The Palais de Justice, as it now exists, possesses a threefold character—legal, administrative, and punitive. Here cases are tried, here the Prefect of Police performs the multifarious duties of his office, and here criminals are imprisoned. Of the various law courts the Palais de Justice contains five: the Court of Cassation, in which appeal cases are finally heard on questions of form, but of form only; the Court of Appeal, the Court of Assizes, the Tribunal of First Instance, and the Tribunal of Police. These fill the halls of the immense building.
The Court of Cassation, divided into three chambers, counts forty-eight counsellors, a first president, three presidents of chamber, a procurator-general, six advocates-general, a registrar-in-chief, four ordinary registrars, three secretaries of the court, a librarian, eight ushers, and a receiver of registrations and fines; altogether seventy-seven persons. The Court of Appeal, divided into seven chambers, is composed of a first president, seven presidents of chamber, sixty-four counsellors, a procurator-general, seven advocates-general, eleven substitutes attached to the court, a registrar-in-chief, and fourteen ordinary registrars; altogether 106 persons. The number of officials and clerks employed in the Tribunal of First Instance is still greater. Divided into eleven chambers, the tribunal comprises one president, eleven vice-presidents, sixty-two judges, and fifteen supplementary judges, a public prosecutor, twenty-six substitutes, a registrar-in-chief, and forty-five clerks of registration. As for the Police Court, it is presided over in turn by each of the twenty magistrates of Paris, two Commissaries of Police doing duty as assessors. With the addition of two registrars and a secretary the entire establishment consists of six persons. The entire number of judges, magistrates, registrars, and secretaries employed at the Palais de Justice amounts to 351; without counting a floating body of some hundreds of barristers, solicitors, ushers, and clerks, thronging like a swarm of black ants a labyrinth of staircases, corridors, and passages. Yet the Palais de Justice, constantly growing, is still insufficient for the multiplicity of demands made upon it.

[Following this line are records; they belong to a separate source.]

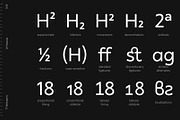 TT Wellingtons, a Sans Serif Font by TypeType (Thumbnail 11 of 15)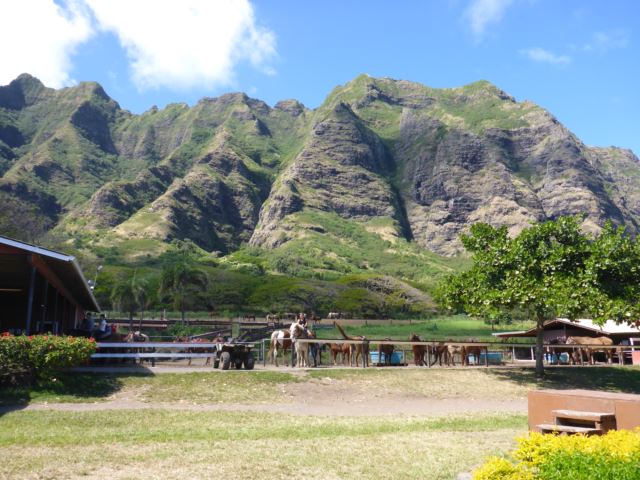 c0077835_804256.jpg
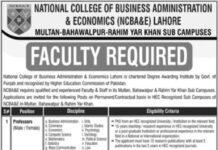 Jobs At National College of Business Administration & Economics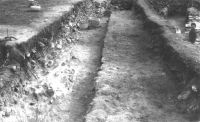 Cronica Cercetărilor Arheologice din România, Campania 2001. Raportul nr. 149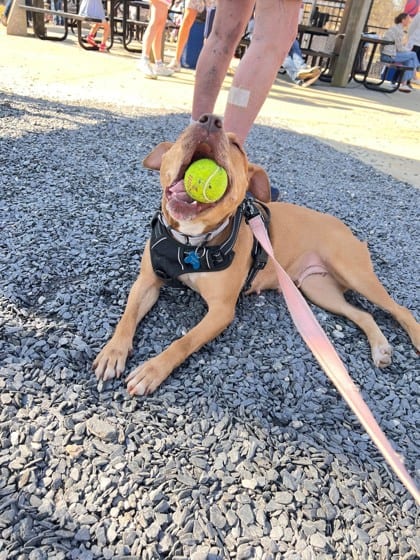Photo of Rockette, adoptable dog in Chamblee, Georgia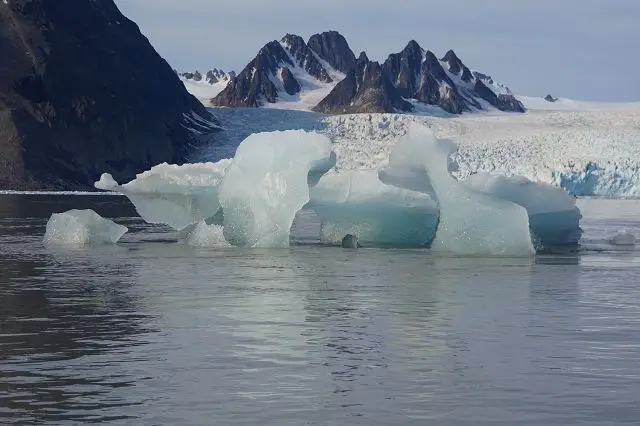 k-2018-08-05aMonacobreenimLiefdefjordLiebesfjord080.JPG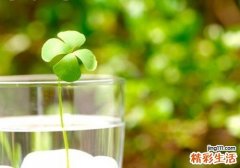 孕妈心理调养有什么技巧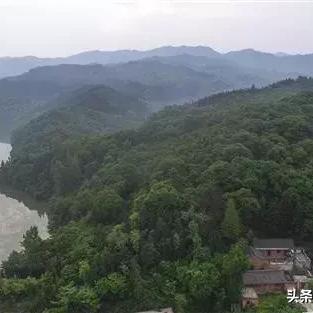 霍山森林生态保护最新进展与亮点新闻头条揭秘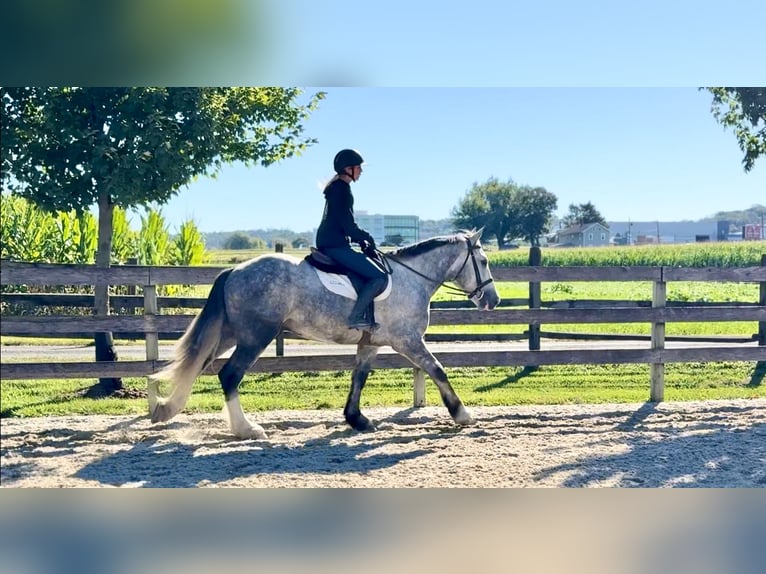 Shire / Shire Horse Mix Castrone 5 Anni 163 cm Grigio in Gap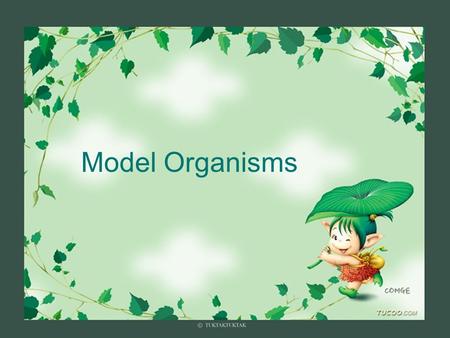 Model Organisms. Model Organism  Important features of all model organisms  Short lifespan  Small, easy and inexpensive to maintain  Produce large.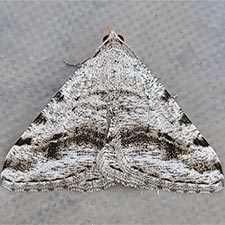 Digrammia pictipennata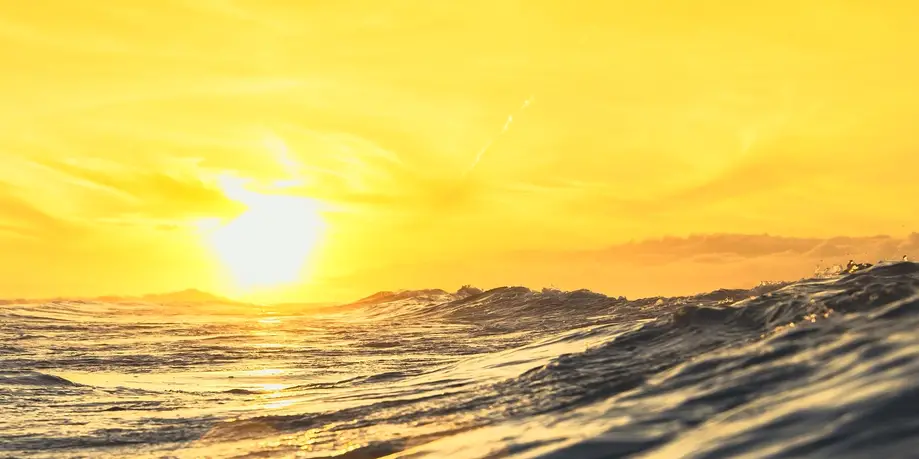 BYOB Booze/Sunset Cruise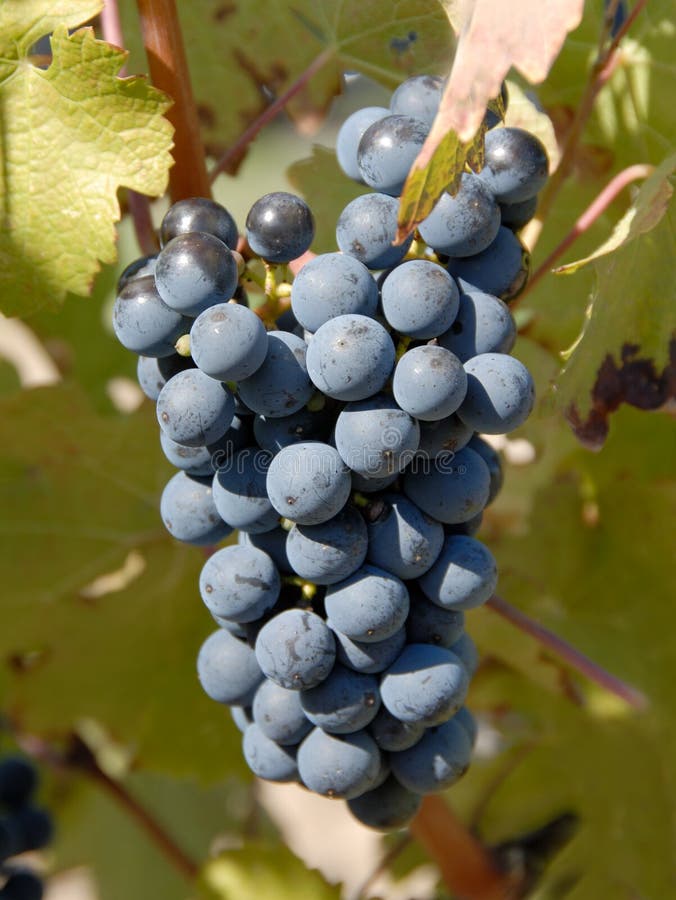 Cabernet Sauvignon Grapes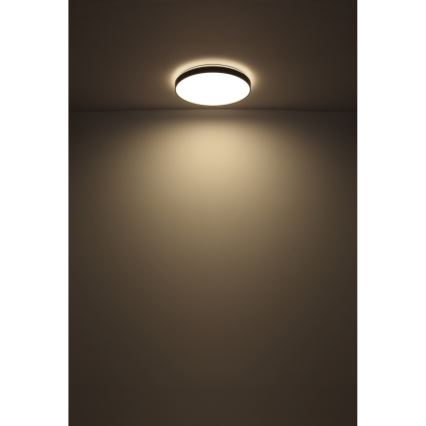 Globo - Plafoniera LED LED/24W/230V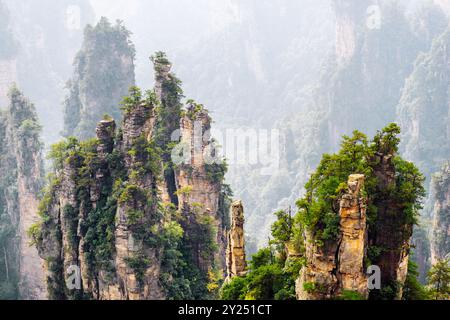 Incredibile vista dei pilastri di arenaria al quarzo (Avatar Rocks) Foto Stock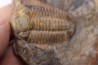 Phacopidina micheli  Llandelo inferieur  Andouillé - la Touche, 53 - FRANCE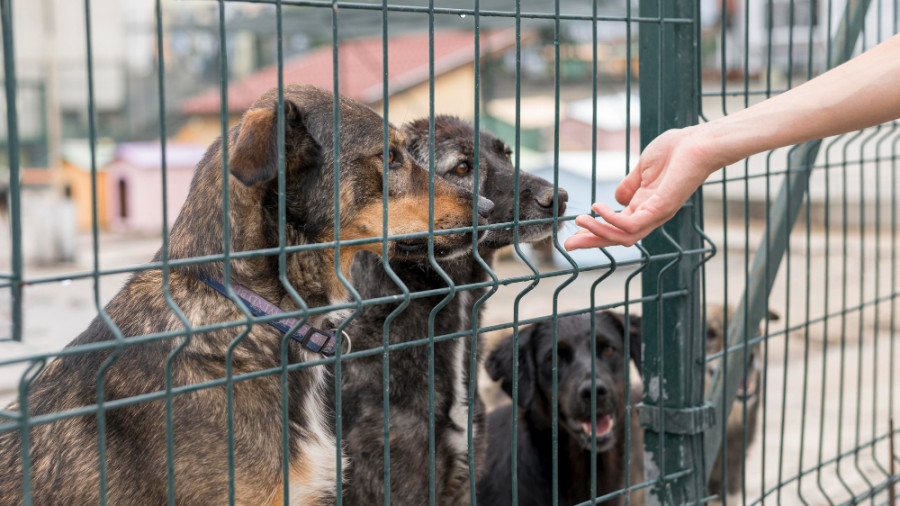 Protectora perros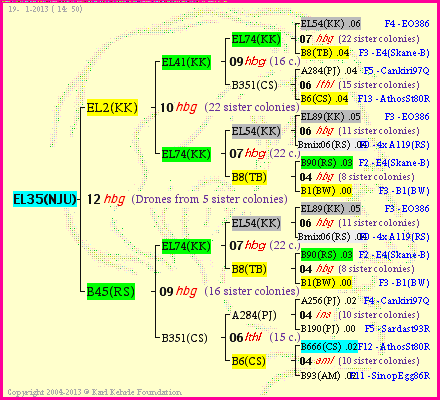 Pedigree of EL35(NJU) :
four generations presented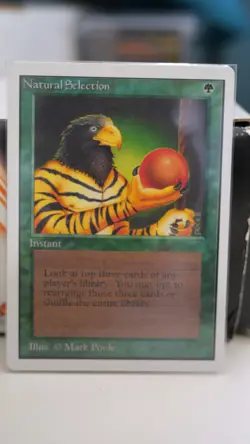 Natural Selection - Unlimited (2ED) 1993 - MTG Magic the Gathering - Rare - Image 1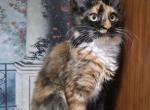 Girl V84 - Maine Coon Kitten For Sale - Virginia Bch&comma; VA&comma; US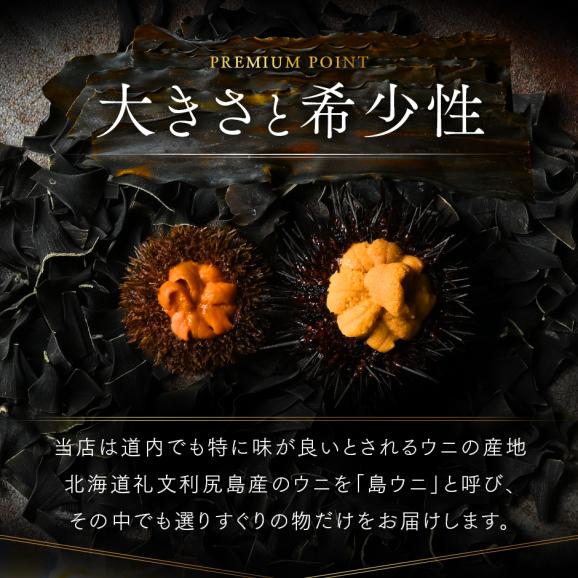 うに 北海道 利尻島 仙法志産 スーパープレミアム 生エゾバフンウニ 80g【送料無料】02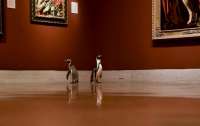 Пінгвіни з зоопарку Канзас-Сіті відвідали художній музей (ФОТО, ВІДЕО)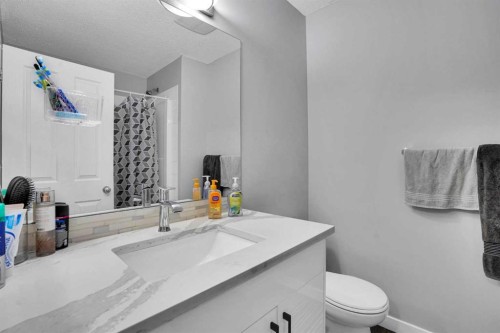 257 Saddlebrook Point Ne, Calgary, AB - Indoor Photo Showing Bathroom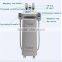 2016 Golden Manufactures! Cryolipolysis 220 / 110V Fat Freeze Slimming Machine Vertical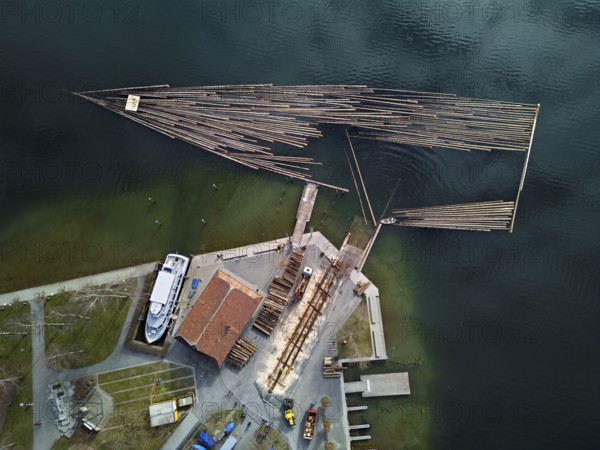 Raft of felled tree trunks at the landing stage where the trunks are pulled ashore and cut to size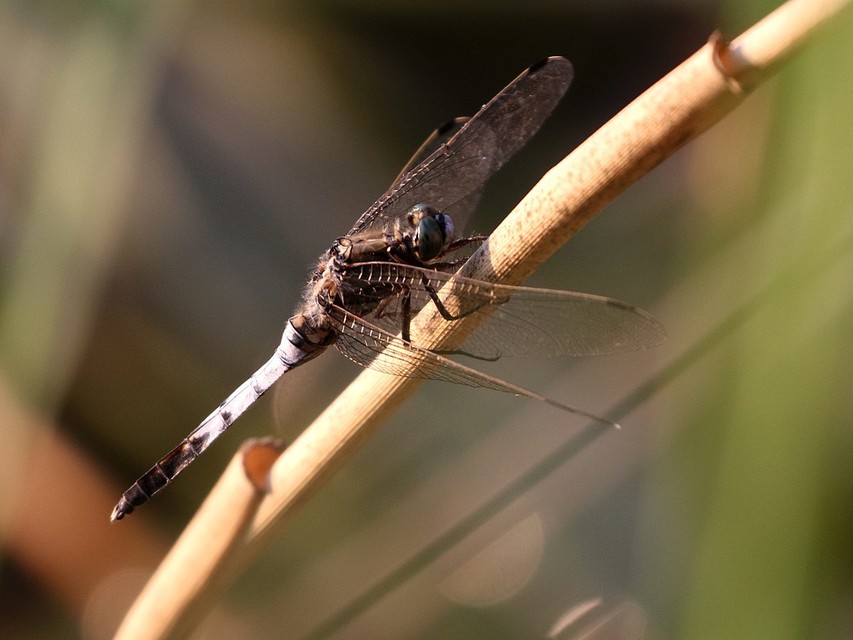 Orthetrum albistylum - fehérfarkú pásztorszitakötő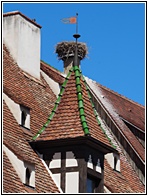 Obernai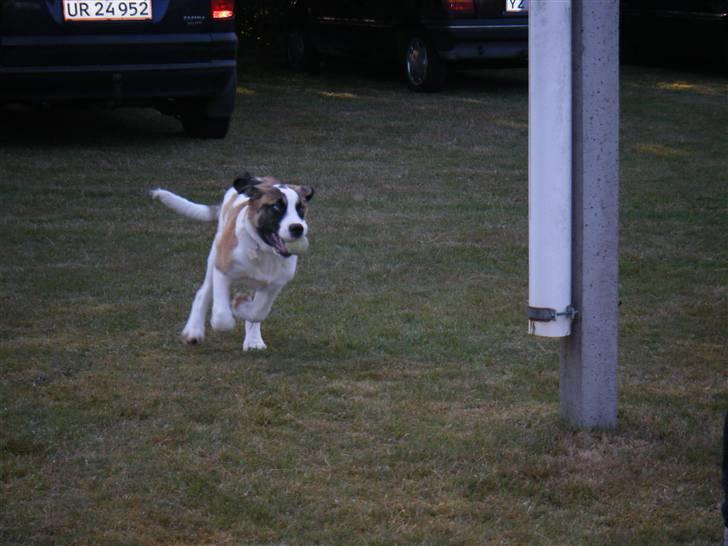 Sankt bernhardshund Sisca - Fuld fart der ud af. sommeren 2009 uge29. billede 4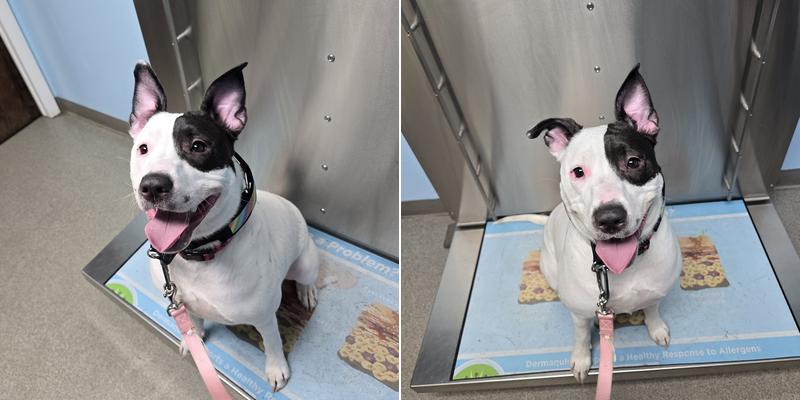 Beacon Valley Animal Hospital: Laubstein Brian DVM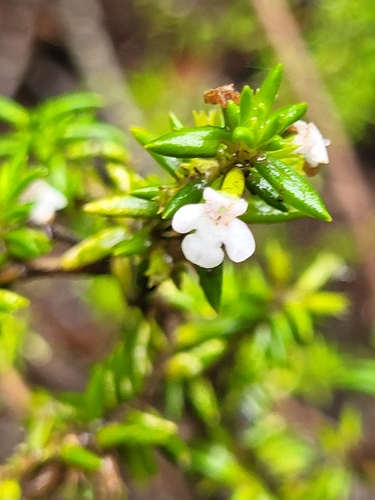 La Gomera Island Whitweed (Micromeria gomerensis)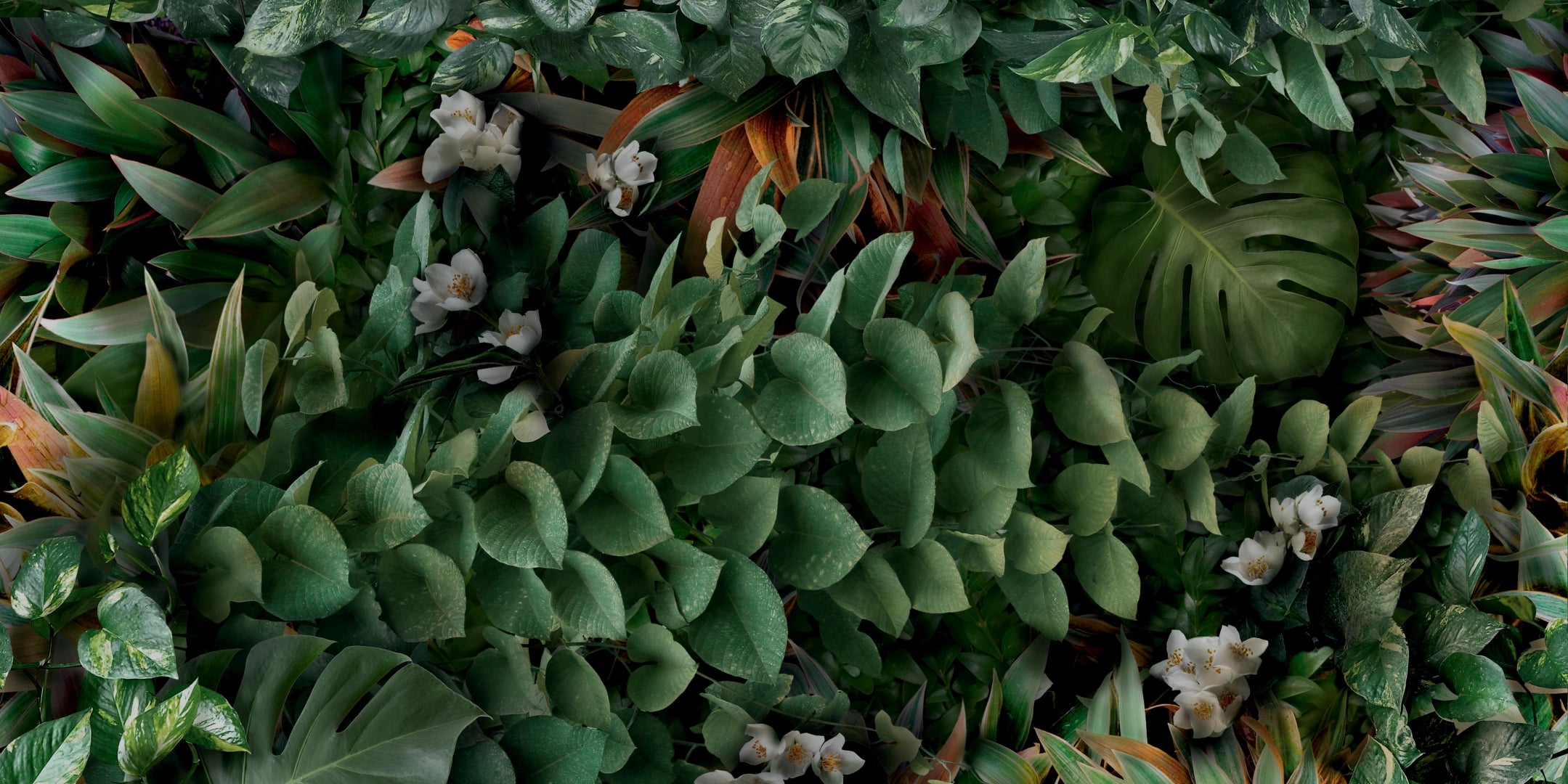 Panaria Ceramica, Glam - PG9GM9C - Greenwall C, Naturale, 50x100cm, 3.50mm, Rett.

The history of the Palais de Justice is marked by the fires in which it has from time to time been burned down. The first of these broke out on the night of the 5th of March, 1618, when the principal hall and most of the buildings adjoining it were destroyed. The second, which took place on the 27th of October, 1737, consumed the buildings forming the Chamber of Accounts, situated at the bottom of the courtyard of the Sainte-Chapelle—an edifice of surpassing beauty, constructed in the fifteenth century by Jean Joconde, a monk of the Order of Saint Dominic. {255} The third fire declared itself during the night of January 10, 1776, in the hall known as the Prisoners’ Gallery, from which it spread to all the central buildings. In this conflagration perished the old Montgomery Tower. The last of the fires in which so many portions of the Palais de Justice have turn by turn succumbed, was lighted by order of the insurgent Commune on the 24th of May, 1871, when the troops from Versailles were entering Paris. The principal hall, the prison, the old towers with all the civil and criminal archives (in the destruction of the latter the insurgents may have been specially interested) were all consumed.